Found the bug, it happens when the difference between the received and last seqno is exactly -64.
We also have bugs in this regard in the current implementation:
if seq_diff is -64, bit_get_packet calls bit_mark(). However there is a check inside which ignores -64, so nothing bad happens.
if seq_diff is +64, bit_get_packet calls bit_shift. There is no check in bit_shift(), so one byte outside next to the sequence window read.
I will send a cleaned up patch in the next few minutes. We should also fix batman (layer 3) in this regard, adding the protection window there as well might be a good idea.
best regards, Simon
On Tue, Apr 06, 2010 at 07:58:09PM +0200, Simon Wunderlich wrote:
Hi Linus,
i've verified and can reproduce the problem. The queue limitation patch removes the OOM problems, but the same packets are still broadcasted. It is always the same sequence number which is sent many times - the same packet should not be sent more than 3 times.
All nodes but the original sender flood the same packets on all interfaces ...
I'll look into this, thanks. Simon
On Tue, Apr 06, 2010 at 03:11:05PM +0200, Linus Lüssing wrote:
On Tue, Apr 06, 2010 at 12:41:29PM +0200, Simon Wunderlich wrote:
Hi Linus,
from the time where the messages come (the printk is removed in the submitted version of the patch BTW), we can see that there is a 30 second period between the protection time starts - as it is supposed to be.
I guess you have stopped your broadcast ping after ~900 seconds, but still receive packets some time later. Do you have some dumps or any analysis data for this?

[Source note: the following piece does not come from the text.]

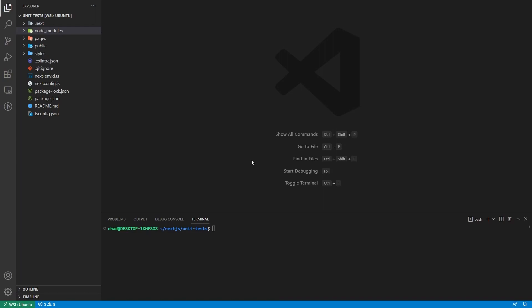Today we're going to be using Jest and Testing Library to test our Next.js app that we created using TypeScript. We're going to be doing some test-driven development, and I'm going to show you how I usually set up my project for testing with coverage and regular tests. This is more of a TypeScript tutorial since most people struggle with TypeScript when setting up tests.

Ehm, no, I stopped after 1-2 seconds :). And well, "some" packets after? A is still receiving about 3000-4000 packets per second. I made some dumps, you can find them here: http://x-realis.dyndns.org/Freifunk/batman-log/mesh1.cap http://x-realis.dyndns.org/Freifunk/batman-log/mesh2.cap For the virtual machines, I've just been bridging their tap-interfaces on the host system, so no vde_switch/wirefilter involved. mesh1.cap is the capture from the bridge between A and B, mesh2.cap from the bridge between B and C. A's mac addr: XX:...:XX:X1 B's mac addrs: XX:...:XX:X3 C's mac addr: XX:...:XX:X2 After some seconds, B and C also seem to relay the same packet all the time (in this dump 2702, but is a different seqno every time I restart the hole setup).
I will try to rebuild your setup and turn the broadcast replies on later.

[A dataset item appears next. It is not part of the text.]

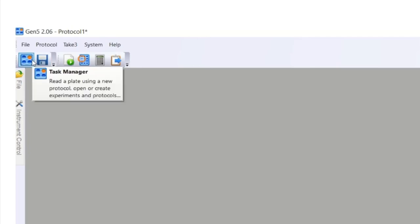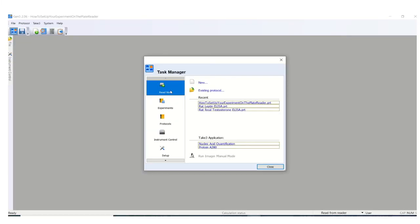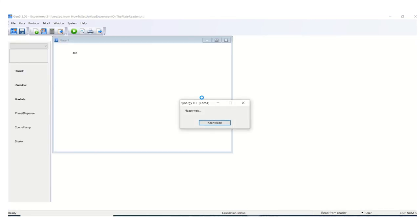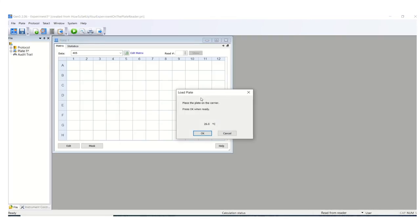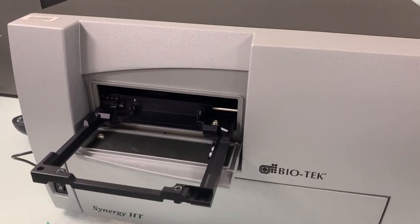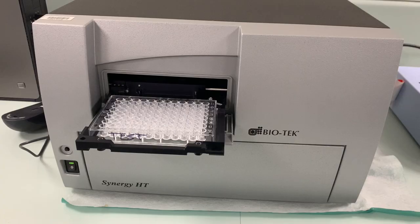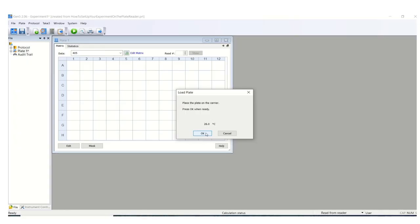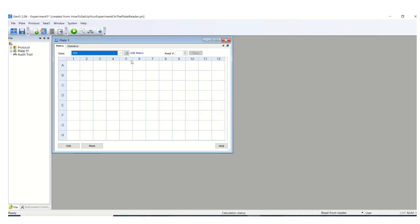Then it's time to read a plate. You want to use the Task Manager, so click on Task Manager, and you'll end up back with this dialog box where you can select Run. In the Run, you'll get the option to retrieve the procedure that you've just saved or any other procedure that you want, and then you'll be able to read the plate. You'll get a dialog box to tell you that the plate holder is now out and you can place a plate on it. Once you do, it will retract and start reading once you acknowledge by clicking OK.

Ok. As said above, I've just connected the nodes via bridges. After all three nodes were connected and running, I did the following commands on node A:
ifconfig bat0 up ifconfig bat0 192.168.123.1/24 echo 0 > /proc/sys/net/ipv4/icmp_echo_ignore_broadcasts ping -b -f 192.168.123.255 > /dev/null --> and stopped the ping command after 1 to 2 seconds.